William moved out of the flat and into the house of his new girlfriend. He said he wanted a divorce, but she refused one on the grounds of unreasonable behaviour, so he would have to wait until they had been separated for two years.
Yesterday had been the final hearing, and it felt just like her visit to the magistrates when she was prosecuted for failing to give a sample. William said terrible things about her, and when she was asked if she had given up alcohol, she could not bring herself to lie. Her drink diary in the rehabilitation programme had been a work of fiction, but this was a court. This was different. Her mother taught her that honesty was more important than anything, but when she admitted she was still drinking and saw the look in the eyes of the judge, she regretted it.
The judge listened to the evidence from both sides and then pronounced her decision. William, she said, was in a better position to raise Annabel and that it was in Annabel’s best interest to live with William and the bitch he had shacked up with. The judge said that Teresa could see Annabel on weekends. During the week, she could not tuck her into bed, read her a bedtime story, take her to, or pick her up from school, comfort her when she woke with a bad dream. William and his bitch would do all those things.
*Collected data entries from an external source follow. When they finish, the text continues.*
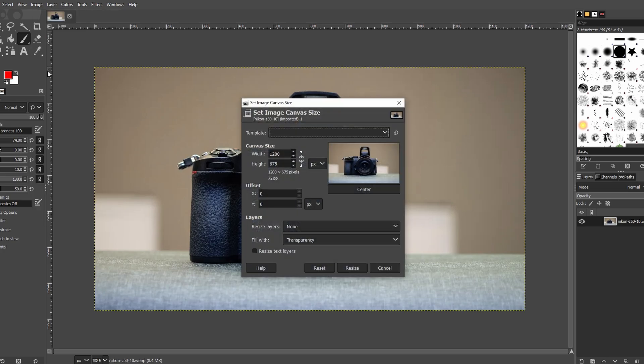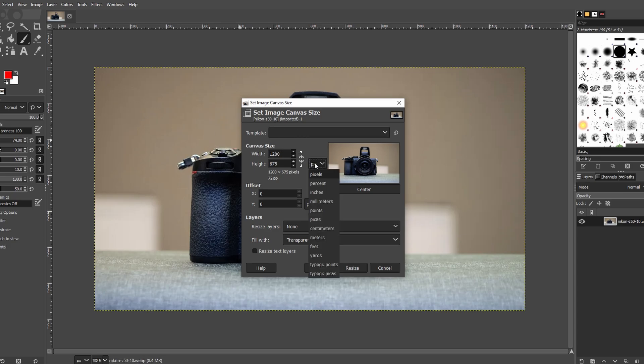You can change units to inches or centimeters, and increase or decrease the image size. Optionally, use the center button to add an even amount on each side.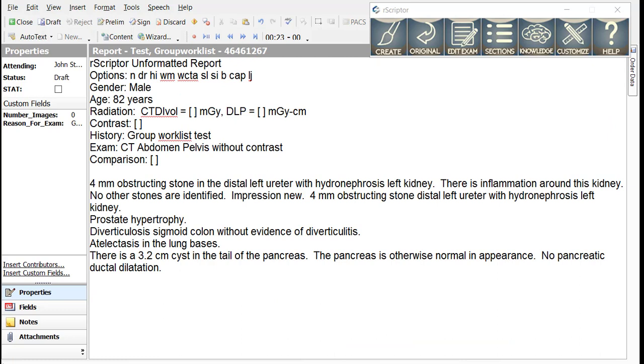The second keyword is impression period. It works like impression new period, except that all the text before impression period goes into the findings and impression, while the text after impression period only goes into the impression. Let's apply that reasoning to the remaining text of this report.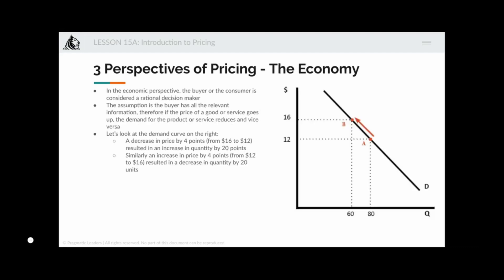The third perspective is the economic perspective. In economics, the buyer or consumer is considered a rational decision maker — this is a very important point. In reality, the buyer is not always rational, so a lot of times you will have to be a little creative with pricing. The assumption in economic theory is that the buyer has all relevant information, and therefore as price goes up, demand for the product or service reduces, and vice versa.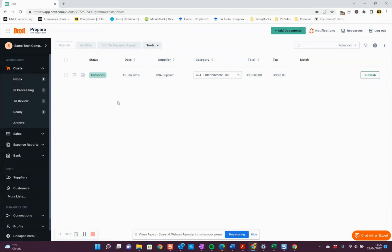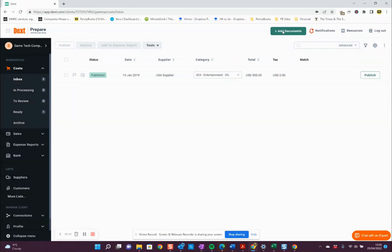So if you actually want to add invoices and receipts from within here, you go to Add Documents. Then it's pretty simple — you just drag and drop the files into this green box. PDF files work best, but it also accepts PNG files.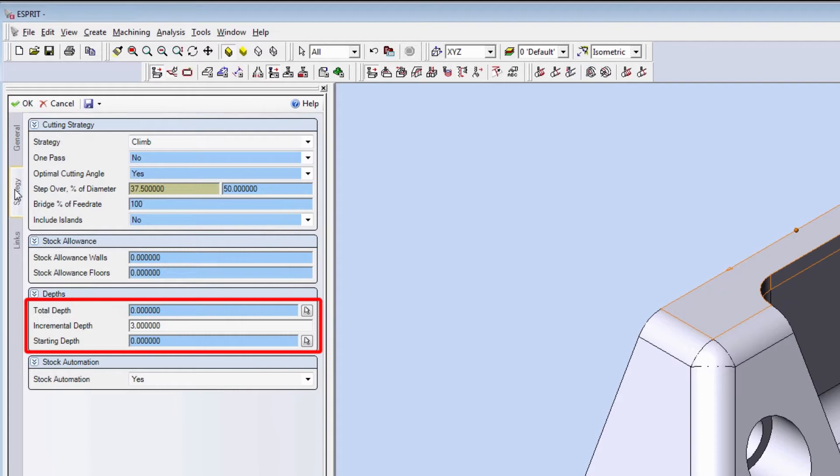Notice the initial incremental passes are optimized for material removal and cycle time, while the last path applies the lead out for surface quality.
They would raise Annabel.
Teresa searched the kitchen for the remnants of alcohol and found half a bottle of vodka but there was no tonic, all she found was an ageing carton of orange in the fridge. Sniffing it, it seemed okay, so she made herself a screwdriver and slipped into the hot bath.
Laying with her eyes closed, she contemplated how events could have turned this sour and worried that she hadn’t told her family back in Brazil; they still hadn’t forgiven her for keeping her marriage and pregnancy a secret.
She didn’t want to worry her mother, Teresa received a message from her sister-in-law, Selma, telling her that her mother was ill again. She had been ill before, but it sounded more serious this time. Teresa wondered whether this might be the perfect time to take a break from everything that was going on in the UK and visit her family in Brazil for the first time in over seven years.